In a one-paragraph unpublished opinion, the United States Court of Appeals for the Ninth Circuit upheld Hupp's decision.

==Commentary==
Approving of the ruling, Tickets.com's lawyer Danniel Harris said, "It is significant, not so much for the dismissals, but in the time and care put into the underlying issues". Author-attorney Jacqueline Klosek wrote that the Ticketmaster case provided strong evidence for how websites should avoid placing a link to their terms and conditions page at the bottom of the homepage if they wanted the terms and conditions to pass legal muster. She recommended that websites use a clickwrap agreement and if that proved problematic, websites ought to place a link to the terms and conditions page at a prominent location. The Registers Thomas C. Greene speculated that the lawsuit was filed because there was no law mandating that consumers must view their advertisements. He said that "perhaps an Act of Congress is in order to rectify this glaring omission in the American legal system".

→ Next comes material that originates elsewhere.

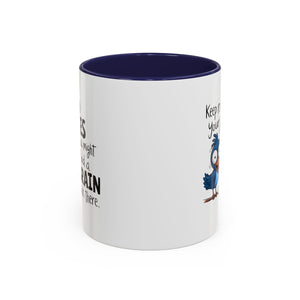 Funny attitude Accent Coffee Mug - "Keep Rolling Your Eyes" Bird Design, 11 & 15oz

After the March 2000 ruling, Journalism.co.uk's Caroline White called the ruling a "seminal case over deep linking". The Registers Drew Cullen said it was a "definitive case...establishing the legality of deep linking in the US". Lawyer Margaret Smith Kubiszyn disputed the media's general conclusion that the deep linking debate was settled: Although the news reports on the Ticketmaster v. Tickets.com case have enthusiastically proclaimed that the controversy is over, that deep linking is okay, Judge Hupp's ruling hardly lays forth a road map telling us when we can, and, more importantly, when we cannot, deep link. Clearly, Judge Hupp leaves open the possibility for a claim of copyright infringement and unfair competition in cases where the user could be confused as to the source of content or be oblivious to the fact that he had been linked into the interior of another site. The New York Timess Carl S. Kaplan agreed with Kubiszyn, quoting Jessica R. Friedman, who said that "the law on linking is still in a gray area".